Let's Talk Turkey!

With the increasing number of turkeys roaming the streets of the Village, questions are being raised about what can be done to deter these birds from overstaying their welcome.  Here is some background information on turkeys in the Kootenays:


· In Canada wild turkeys are only native to Southern Ontario. Populations in British Columbia are all introduced.

· In the Kootenays, turkeys were introduced to the Creston area in the 1960s and subsequently expanded throughout the region.

· Kootenay turkey populations have fluctuated over time but appear to have increased over the past 5 years.


· There are ecological concerns with turkey populations since they can predate on species at risk (e.g., snakes), compete for habitat with native grouse, and     cause grouse nest failure through egg dumping.

· Turkeys can cause property damage, result in noise complaints, and be aggressive towards people.

· Turkeys can affect agriculturists by eating and fouling domestic animal feed, gardens, and crops. They also spread noxious weeds.


· Hunting seasons in the Kootenays have been liberalised over time as populations have increased.

· Provincial policy does not allow translocation of non-native species such as turkeys.

· Turkey conflicts are most often dealt with by providing the public with information about how to prevent and deal with conflicts.

(Source: Fish and Wildlife, Kootenay Region November 2016)


Preventing Conflicts with Wild Turkeys: Basic Turkey Do's & Don'ts! 

Do not feed wild turkeys

Keep the wild in wildlife!
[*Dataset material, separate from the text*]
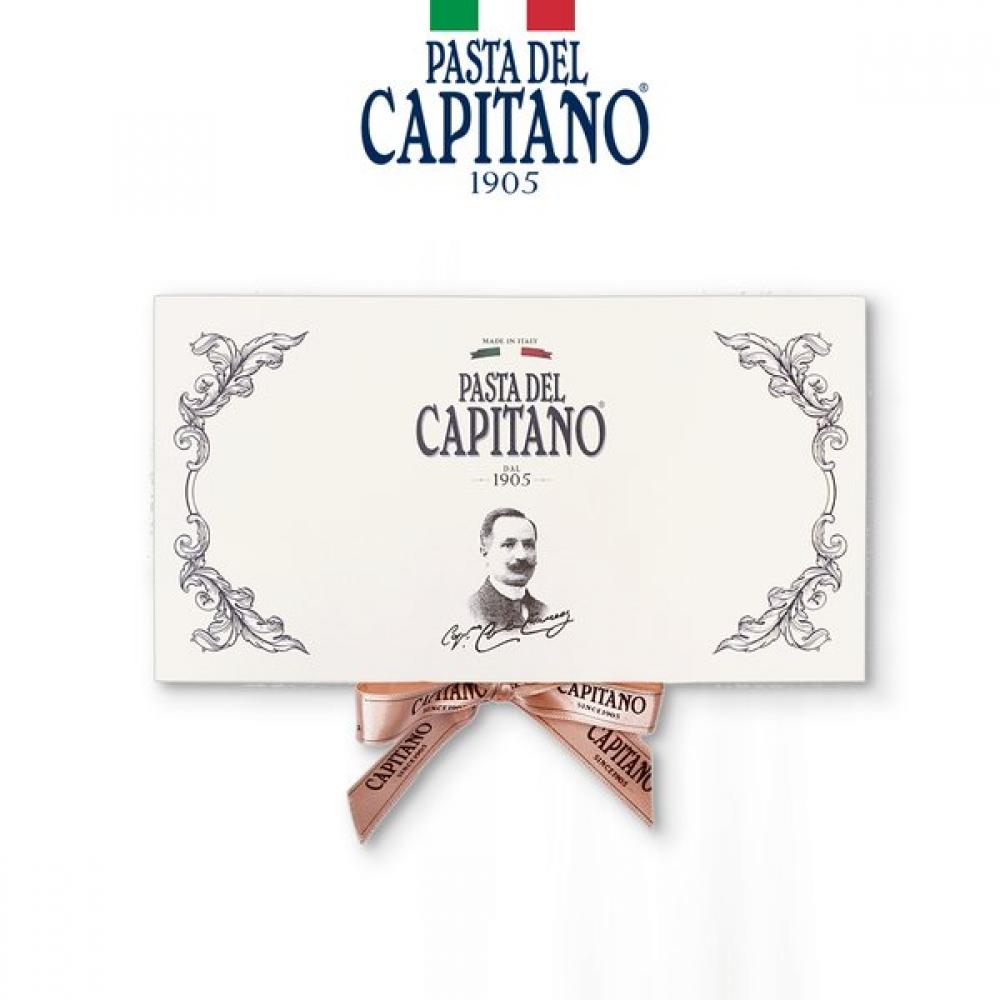 Capitano 1905 Traveler Set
Never deliberately feed wild turkeys to attract them to your property or to keep them around. Turkeys can survive very well on natural foods and do not need handouts from people. Turkeys which become accustomed to humans and human-associated foods are likely to lose their fear of people and cause problems. The birds are then placed in jeopardy when you or your neighbors become afraid of them or seek to stop any damage they may cause.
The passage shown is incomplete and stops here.